*Task details*
In the listing below, find the line with "CA Pro Classic" and the line with "Mark Rutte Foto: Profimedia", then return them and every line between them exactly, minus the pictures.

Source data Block Start

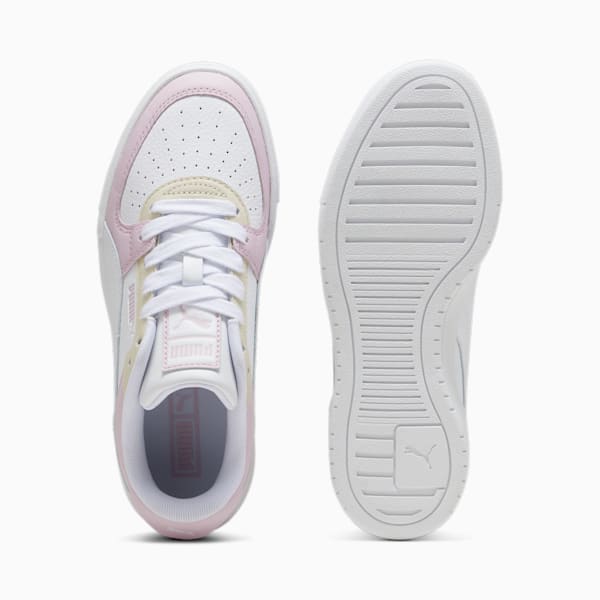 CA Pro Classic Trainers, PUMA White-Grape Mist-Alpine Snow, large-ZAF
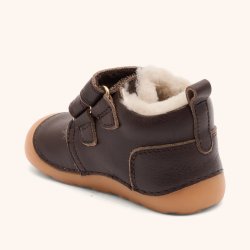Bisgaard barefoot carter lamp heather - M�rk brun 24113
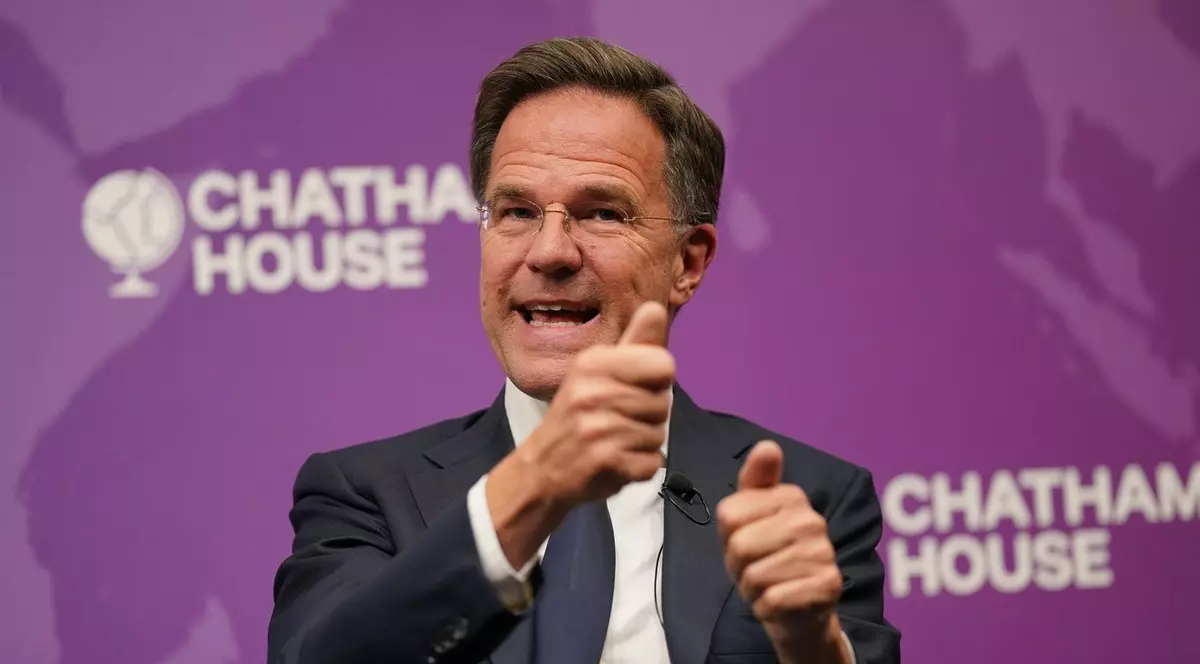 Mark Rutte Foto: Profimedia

Source data Block End
Source data Block Start

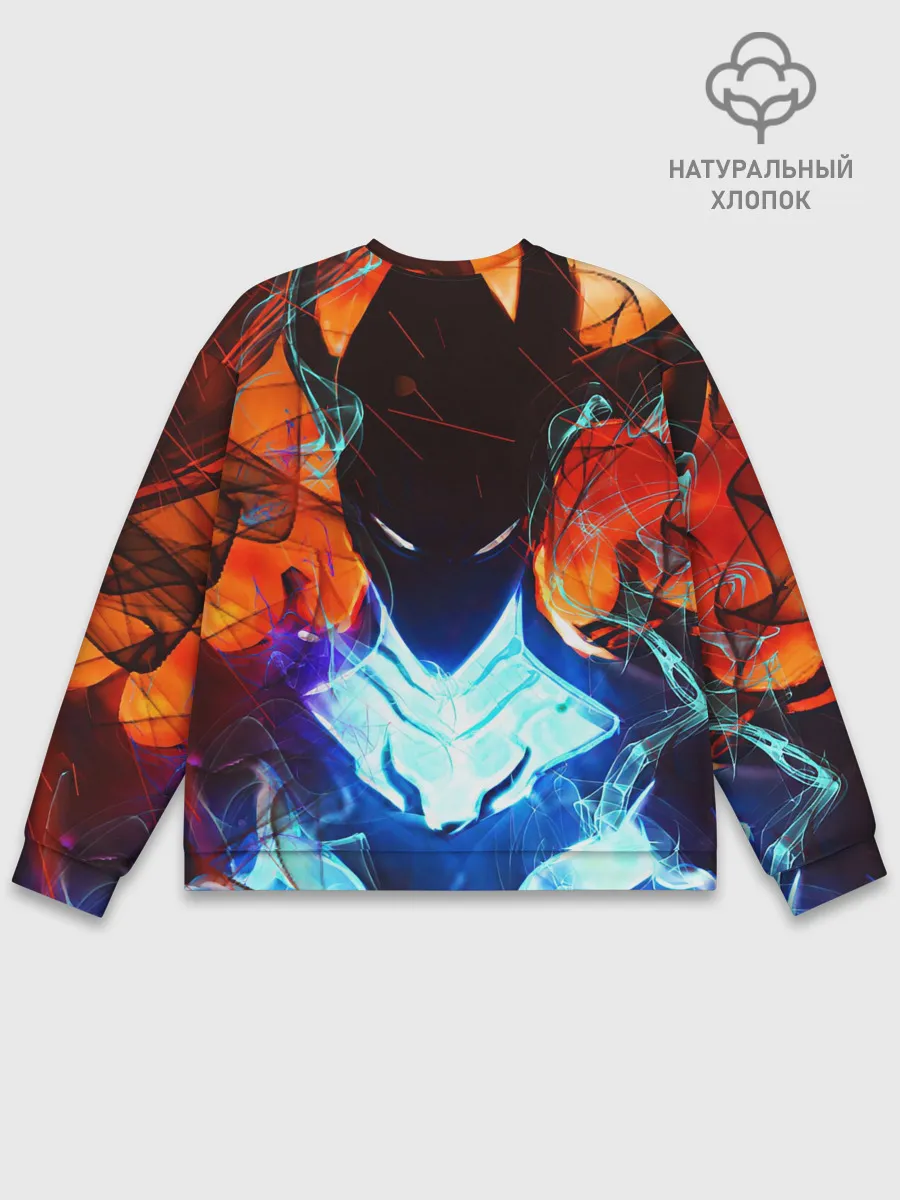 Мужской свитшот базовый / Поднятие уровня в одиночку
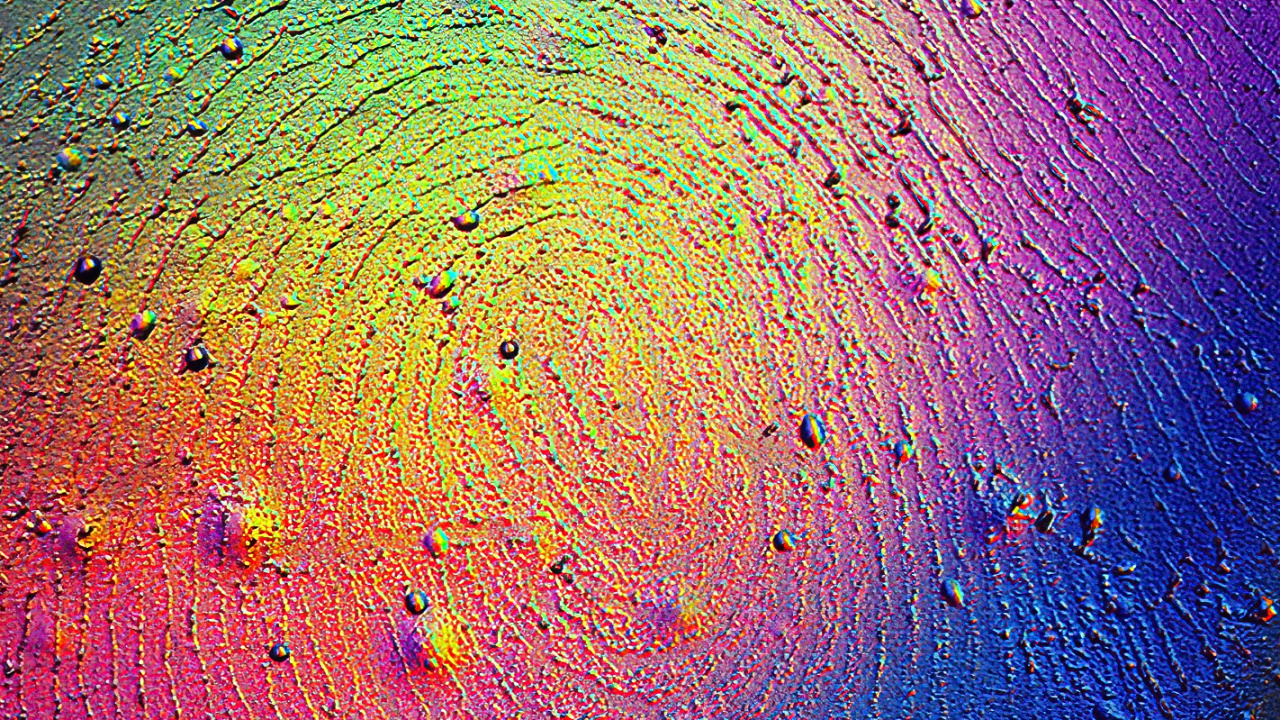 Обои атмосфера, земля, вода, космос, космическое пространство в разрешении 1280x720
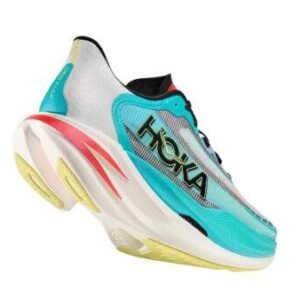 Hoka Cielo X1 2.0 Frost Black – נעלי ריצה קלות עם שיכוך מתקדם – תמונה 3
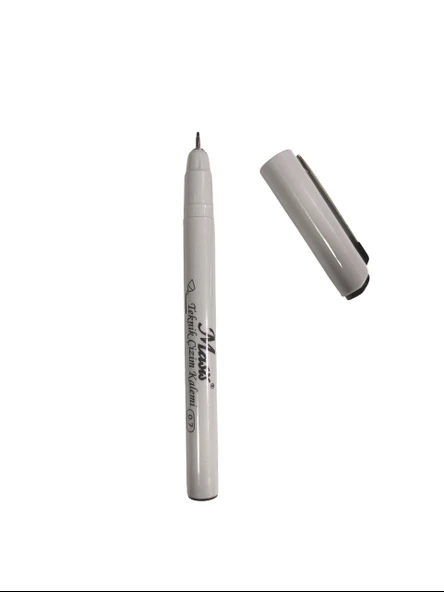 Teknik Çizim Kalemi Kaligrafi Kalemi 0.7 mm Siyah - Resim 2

Source data Block End

*Answer to the problem*
 CA Pro Classic Trainers, PUMA White-Grape Mist-Alpine Snow, large-ZAF
Bisgaard barefoot carter lamp heather - M�rk brun 24113
 Mark Rutte Foto: Profimedia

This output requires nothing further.